Angela Wood (left) met the Queen at Sandringham House.
The Queen has met a former cookery school student who helped create coronation chicken on the eve of her platinum jubilee.
The monarch, hours away from becoming the first British sovereign to reach a historic 70 years on the throne, came face to face with Angela Wood, who helped to perfect the dish served to guests after the Queen’s 1953 coronation ceremony.
In the ballroom of Sandringham House, the monarch joined members of the local community to mark her milestone.
The 95-year-old head of state arrived at the event with a wooden walking stick. It was the largest in-person public engagement the Queen had attended since her recent health scare.

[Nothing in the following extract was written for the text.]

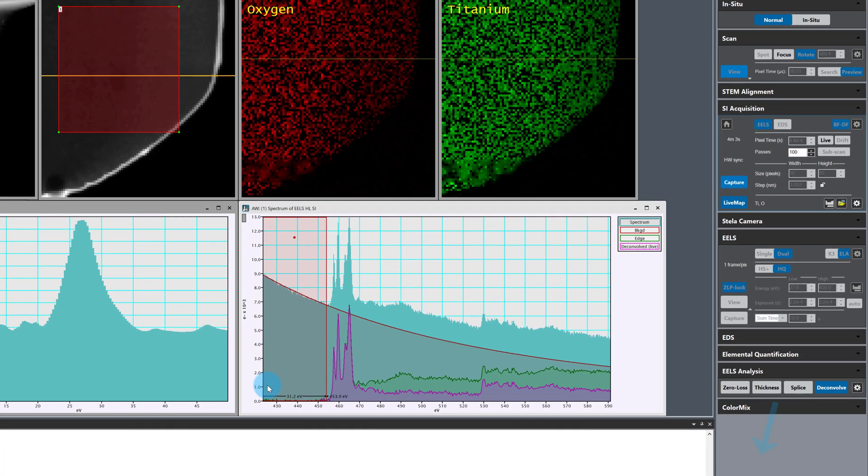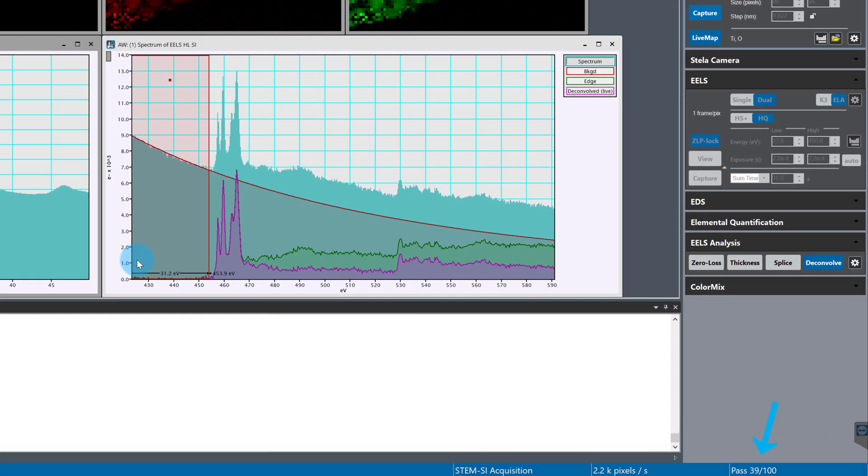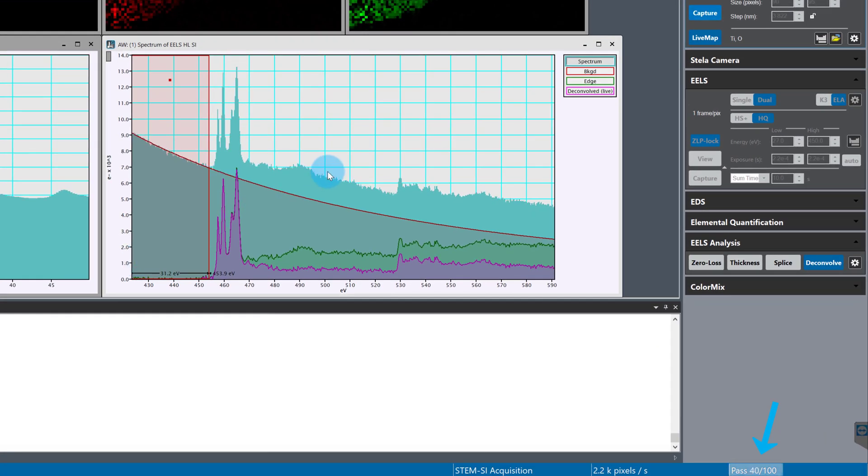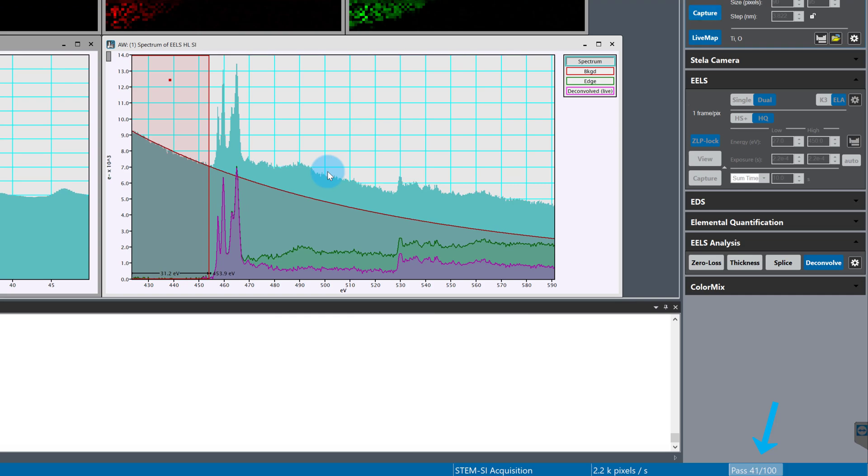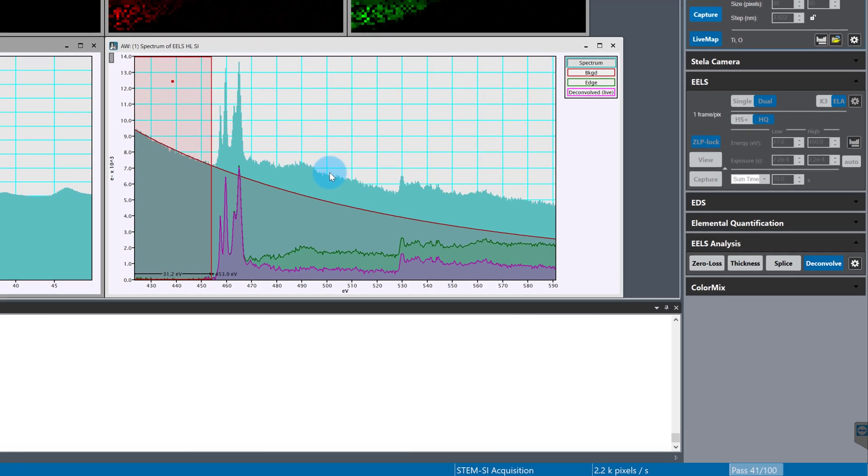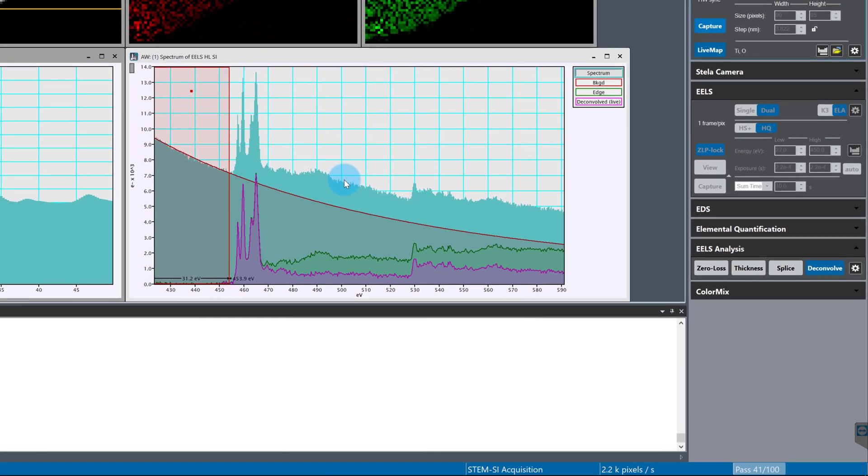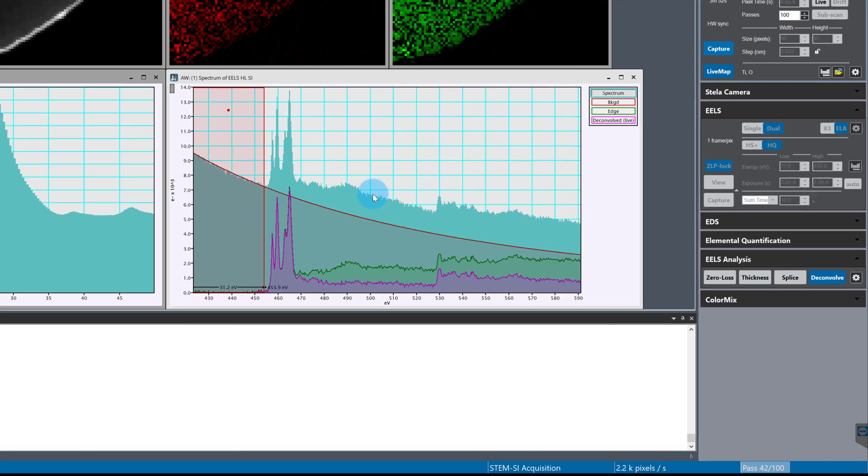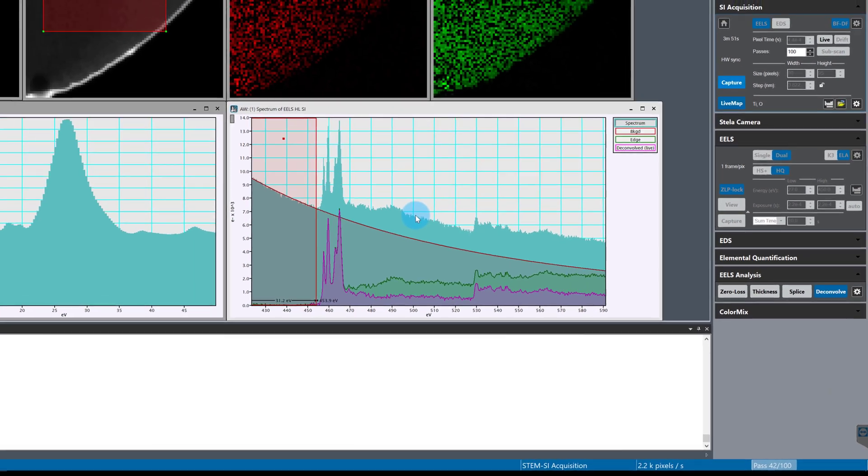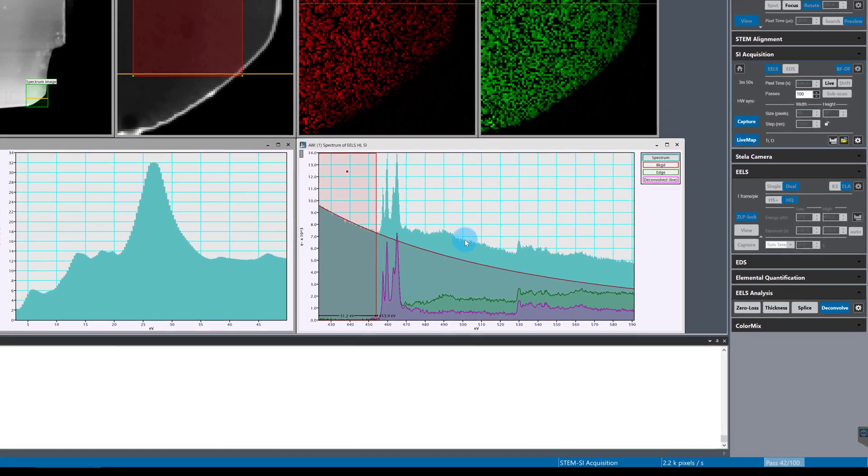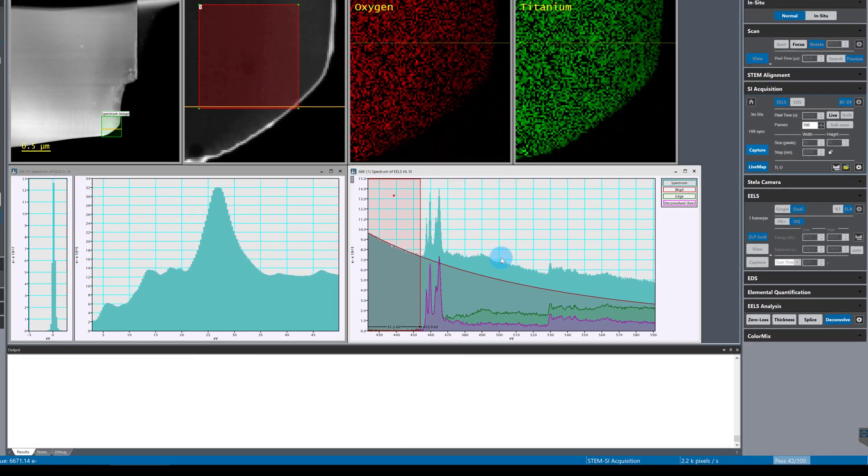I'm pretty happy with the signal to noise ratio and how it's improving in the oxygen K edge. It looks like I'll be about where I want to be with 100 passes so I'll let the capture run to completion and not finish early or add any more passes.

Among the guests were members of the Sandringham branch of the Women’s Institute, Sandringham Estate pensioners and representatives from two local charities: West Norfolk Befriending and Little Discoverers.

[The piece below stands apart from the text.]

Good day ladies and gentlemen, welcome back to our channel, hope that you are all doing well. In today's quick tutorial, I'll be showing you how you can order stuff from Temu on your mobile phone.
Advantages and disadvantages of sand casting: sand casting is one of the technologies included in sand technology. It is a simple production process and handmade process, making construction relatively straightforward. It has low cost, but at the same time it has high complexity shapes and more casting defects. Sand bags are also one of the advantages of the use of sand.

The Queen’s platinum jubilee will be celebrated across the country during an extended June bank holiday.
But 6 February, the date of the Queen’s accession to the throne, is a poignant period for the Queen, as it is the day her father, King George VI, died in 1952.

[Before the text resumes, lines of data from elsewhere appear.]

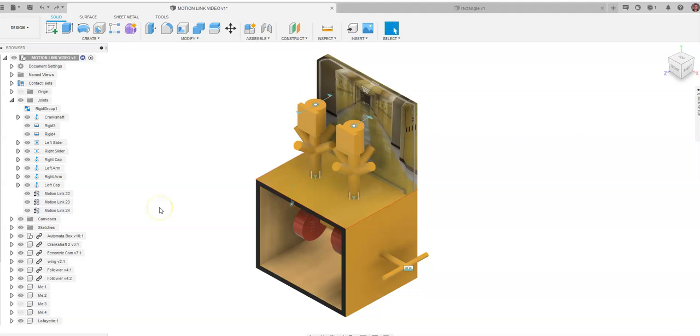This is a video for how to go about placing an image through the canvas or decal functions in Fusion 360.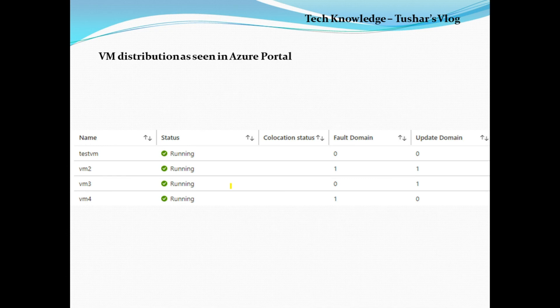Here is a screenshot from the Azure portal. In this example I have two fault domains and two update domains. My first VM is on FD0, UD0; my second VM is on FD1, UD1; my third VM goes to FD0, UD0 — but since that's already taken it increments to UD1; my fourth VM goes to FD1, UD0.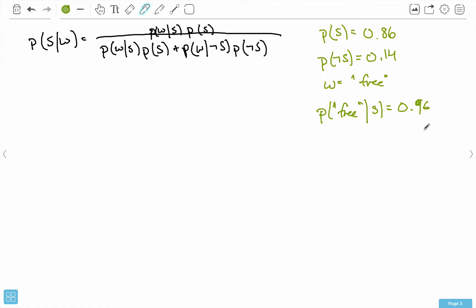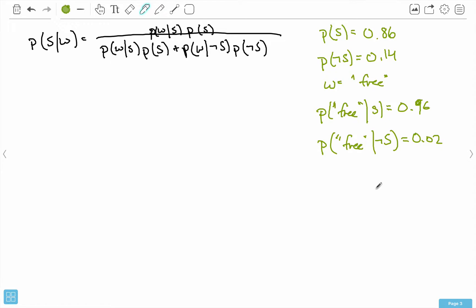Based on just looking at that number, you can probably already tell this is probably going to be a spam message. Now let's suppose that finding 'free' in a message that's not spam is something like 0.02 — so 2% of the time we find the word 'free' in something that is not spam. It's important to note that these two things are not related. You can't say that since P(free|spam)=0.96, then P(free|ham)=0.04 — because 0.04 would actually be the probability of not finding 'free' in a spam message. These two things are not related at all.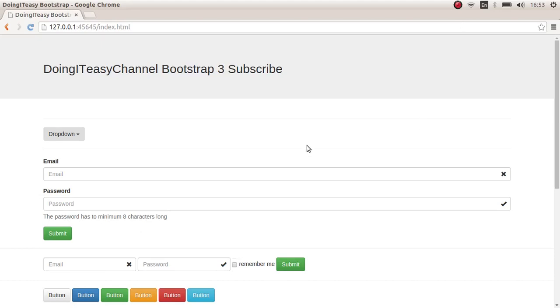Hello everyone, welcome back to the channel. In this lesson, I am going to cover tabs and pills. So let's get started.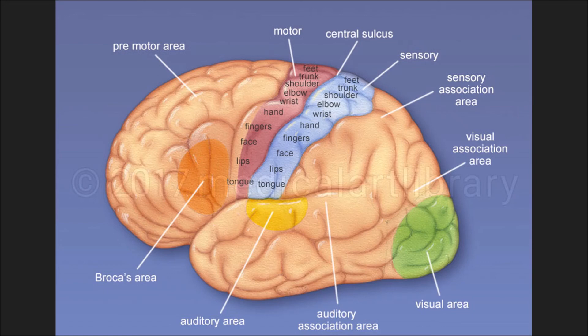The cortex is also involved in language functions such as the ability to understand speech and written language. It also helps in storing and retrieving information from short-term memory as well as long-term memory. These were the different functions of the cerebral cortex.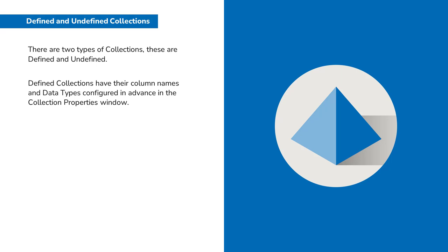Defined collections have their column names and data types configured in advance in the collection properties window.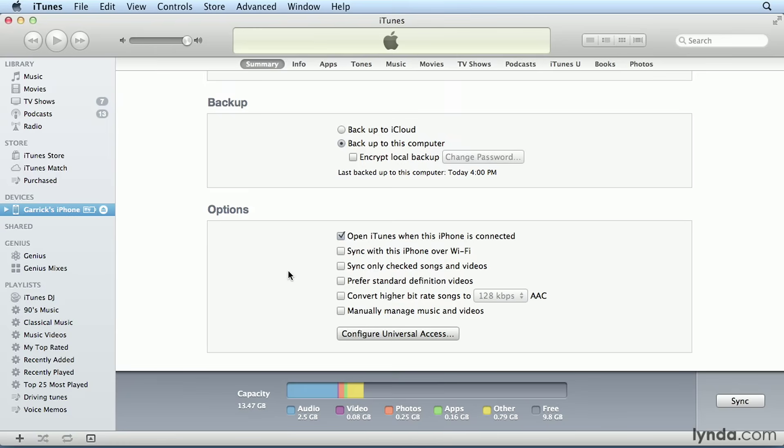Next we have Sync with this iPhone over Wi-Fi. This is the checkbox you want to check if you want the ability to sync your device with iTunes without connecting it with a USB cable. I'll cover this option in its own movie at the end of this chapter. Next we have Sync only checked songs and videos. With this option checked, iTunes won't include any unchecked files when it copies files to your iPod. That's referring to the checkboxes that appear next to your files in your library.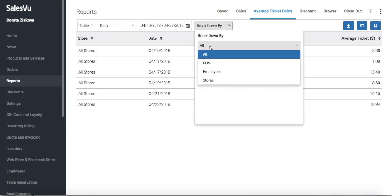You can break this report down by point of sale stations, employees to see which employee has the highest sales, and also by location if you have multiple locations.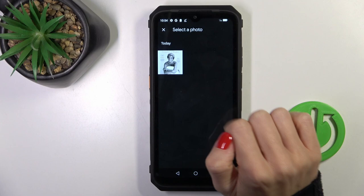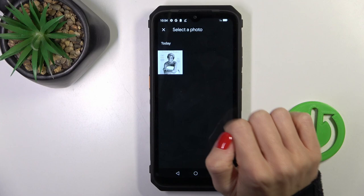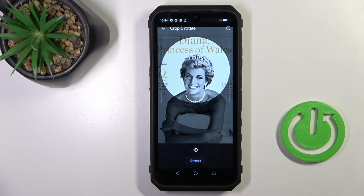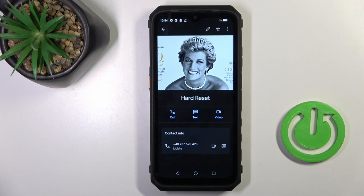Right now I will pick something from my gallery. Actually there's one picture only, so let's pick Diana. Tap on Choose, select Save, and that's it. From now on, this picture is assigned to this particular contact.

The afternoon reception ended with the cutting of an iced Victoria sponge with the platinum jubilee logo as its decoration.
Lady Dannatt, the Lord-Lieutenant of Norfolk, told the Queen the cake was turned upside for the benefit of the press photographs and she quipped to laughter: “I don’t matter?”
When it came to cutting the large cake, the Queen thinking aloud said: “I’ll put the knife in, see if it works” and she drove the knife in vertically and left it place, adding: “Somebody else can finish it off.”